Так я и сделал, повернул и пошел на вокзал с пустыми руками и пустым карманом. Но мир не без добрых людей и не без доброго водительства. На вокзале меня останавливает человек в чине штабного полковника и говорит: «Я вас знаю. Вы такой-то. Куда вы идете?» Я увидел добрые, ласковые глаза и рассказал ему все со мной случившееся. Он предложил мне место и работу у себя в передвижной типографии. Итак, я попадаю в вагон на колесах и почти два года путешествую по железной дороге. Делаю клише, режу из линолеума заставки, виньетки и рисунки. Сюда же на работу к себе редактор берет поэта Бориса Четверикова в писателя Всеволода Иванова, который работал наборщиком. С редактором, начальником нашей типографии, я снова встретился в Москве лет через восемнадцать. Он меня нашел и пригласил к себе в гости. Он работал корректором издательства «Гермес». Сам писал повести и рассказы для детей и был членом союза писателей. Впоследствии выпустил целый ряд книг под именем Василия Яна. Я делал ему иллюстрации к книге, которая так, кажется, и не вышла, портреты Чингиз Хана и Батыя.  Агентом по добыванию бумаги для передвижной типографии был у него молодой человек, очень ограниченный и недалекий, он ходил в женихах дочери Яна. Это был типичный белогвардейский офицер. Когда близко подошел фронт, он не задумываясь, пока меня не было, забрался в мое купе, переоделся в штатское, побросал оружие, патроны, погоны и форму прямо на пол, забрал мою штатскую зимнюю шубу, хорошую, новую шубу и бежал из вагона в поле. Когда я вернулся и обнаружил этот погром, то один из рабочих мне показал в окно на удаляющуюся вдалеке фигуру и сказал: «Это ваша шуба бежит». Так в тридцатичетырехградусный мороз я остался без шубы. Был в вагоне ужасный, рваный тулупчик, который надевал на себя тот, кто топил печку, весь грязный, испачканный копотью и каменным углем. Его я должен был взять. Почистил снегом, почти всю ночь проштопал и, разложив на полу, на спине, на груди и на рукавах яркими масляными красками нарисовал красивый орнамент, похожий на вышивку. Получилось красиво и оригинально. В нём я и проходил всю зиму, удивляя прохожих.

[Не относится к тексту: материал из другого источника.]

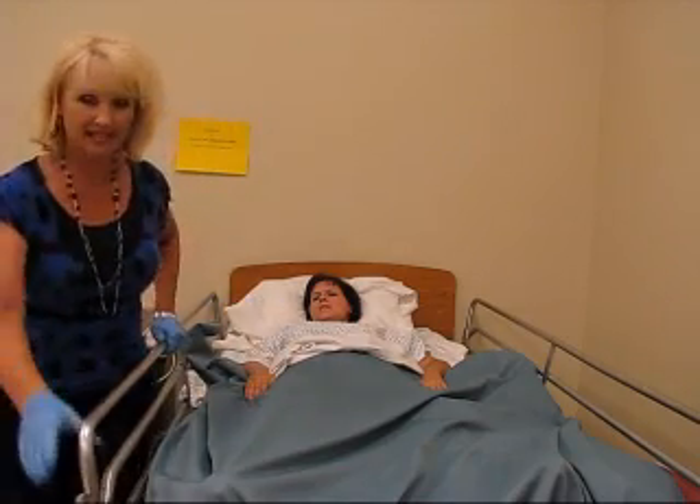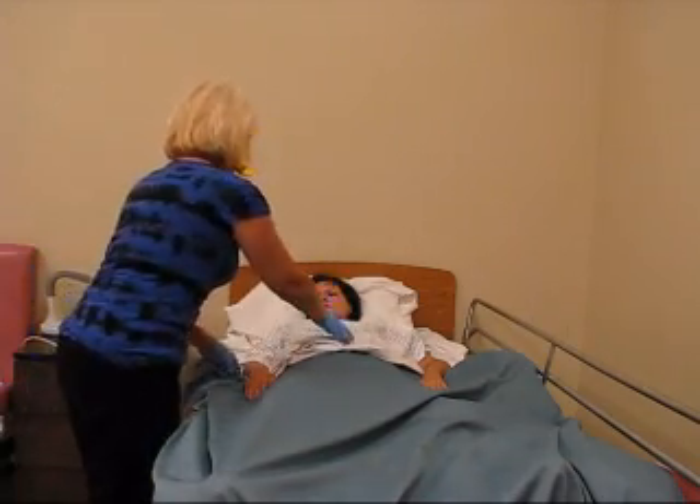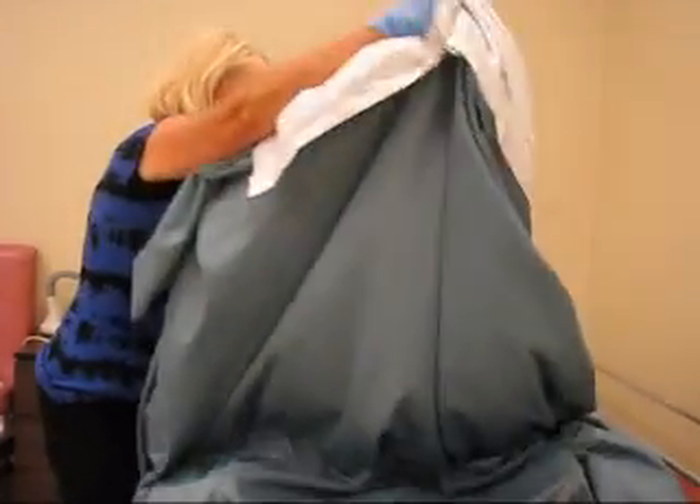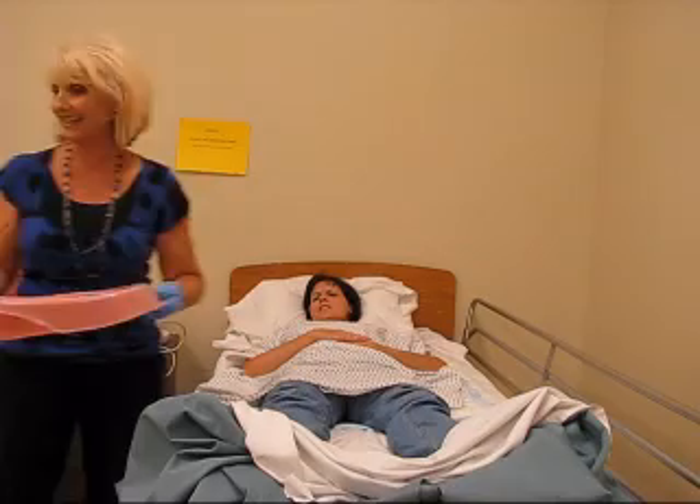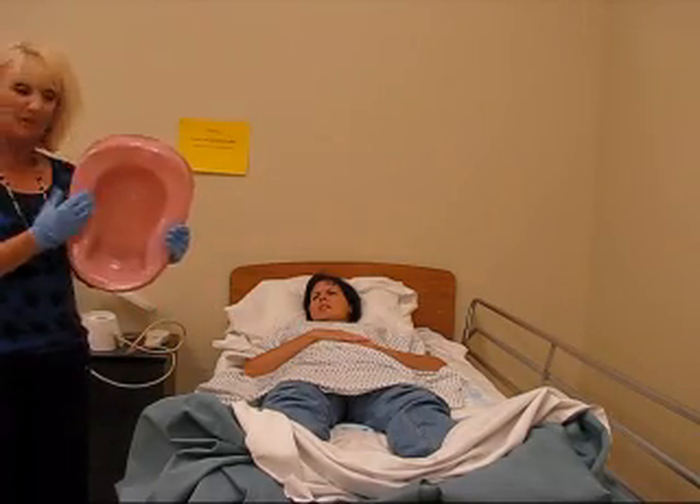Okay, hang on a sec here, Mrs. Lindsay. Can I eat that? Now, Mrs. Lindsay is quite — oh, two bedpans here in the bed. This is great. This is a regular bedpan.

Меня везде принимали как знатного гостя и предлагали работу. Так начал я работать в Омском оперном театре постановщиком и исполнителем-декоратором, причем это последнее занятие – исполнителем было очень трудным, так как у мене не было опыта и знаний, и владения клеевыми красками, которые при высыхании в десять раз теряют свою интенсивность и яркость. Это все я познавал на практике. Первый задник, написанный мною во всю силу, а задник был сложный, с внутренним видом Кремля, наутро, когда я пришел в мастерскую, лежал, как громадная простыня, почти белый, совсем бесцветный. Пришлось его писать второй раз, проверяя на сушку каждый цвет. Итак, с большими усилиями, но первая моя постановка прошла благополучно, это была опера «Борис Годунов». Наркомпросс заказывал мне портреты. Работы было много, но мечтал я только о скорейшем возвращении в Москву.

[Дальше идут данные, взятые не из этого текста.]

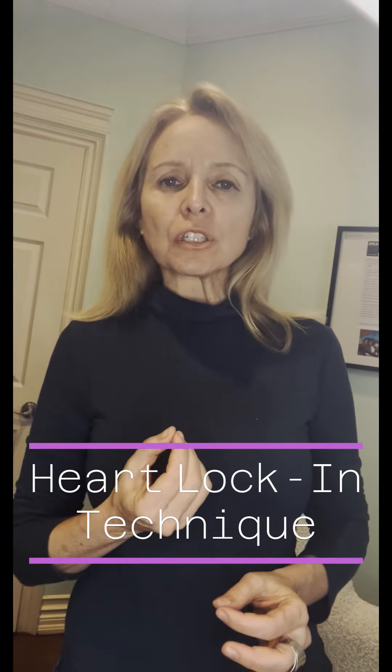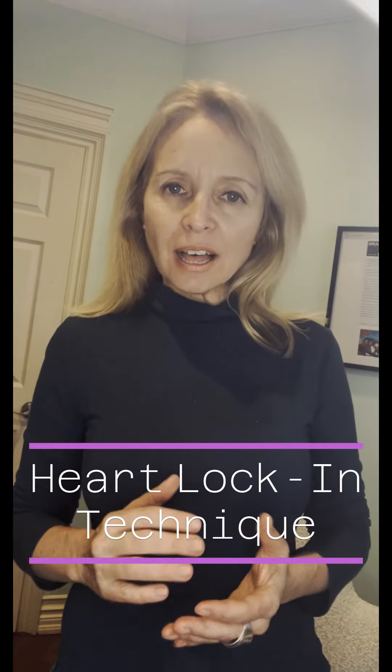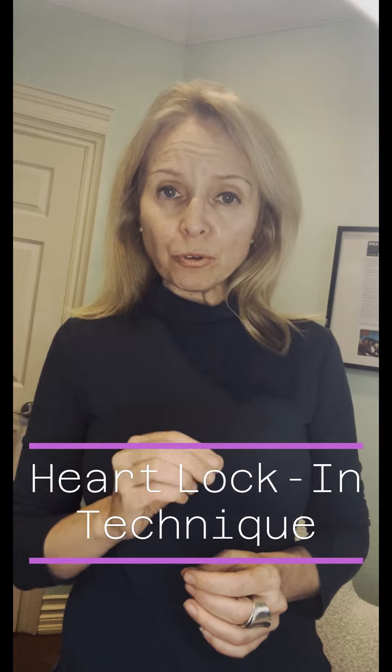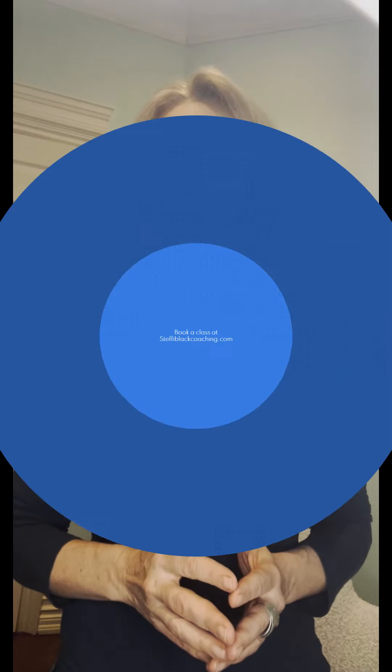It can reset your nervous system and bring in calm, loving feelings. Try it out for yourself and you can look for more information on the HeartMath Institute website.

И, наконец, мне счастье улыбнулось. Я попал в поезд, который возвращался в Россию. Это был громадный состав из товарных вагонов, который шел из Иркутска. В нем возвращались  какое-то учреждение из эвакуации. Они ехали уже два месяца, поэтому все было обжито и устроено по-семейному. В каждой теплушке помещалось по четыре больших или по шесть маленьких семейств. Комендант поезда, лицо, выбранное общим собранием, мне указал теплушку и место. Я был счастлив, еду домой и проехал так полтора месяца до Самары, где и вышел. Здесь я нашел своего отца и брата, который за это время женился. Это было моим временным пристанищем, так как основная цель моего пути – это, конечно, Москва, куда я попал в конце двадцатого года.

Вторая часть

ЮНОСТЬ. ГОДЫ СТАНОВЛЕНИЯ (окончание)

Итак, 1918 и 19 годы, годы моего пребывания в Сибири, куда я попал по милости Давида Бурдюка, с которым совершал турне с выставкой картин, научили меня многому. Многому я научился и вынес большой жизненный опыт. Я никогда не забуду те страшные картины, свидетелем которых я был. Тысячи простых русских людей, насильно мобилизованных царским и временным правительством, погнанных в Сибирь, якобы на спасение и брошенных там на произвол судьбы. Зима, тридцатиградусные морозы, голодные люди. Солдаты, мечтающие вернуться в родные места, заполняют вокзалы и железнодорожные пути. С сумасшедшим взглядом, почти отсутствующим, качаясь от голода, они сотнями ходят между вагонами, ища поезда который вот-вот по их желанию должен пойти в Россию. И такой поезд они облепляли настолько, что, например, паровоза не было видно за людьми, все крыши, все двери и буфера вагонов. А утром – это было страшное зрелище. Поезд стоит также, но весь покрыт замерзшими людьми. И железнодорожники длинными шестами сбивают обледенелые трупы с вагонов и паровоза и складывают штабелями во дворе, как дрова. Если кому-то удавалось развести небольшой костер, то к костру быстро подтаскивались замерзшие трупы и на них, как на бревнах, усаживались и грелись у огня. Редко у кого из покойников вы встретите такое блаженство, разлитое на лице, как у замерзшего человека, ему в последние минуты делается тепло, и он тихо засыпает.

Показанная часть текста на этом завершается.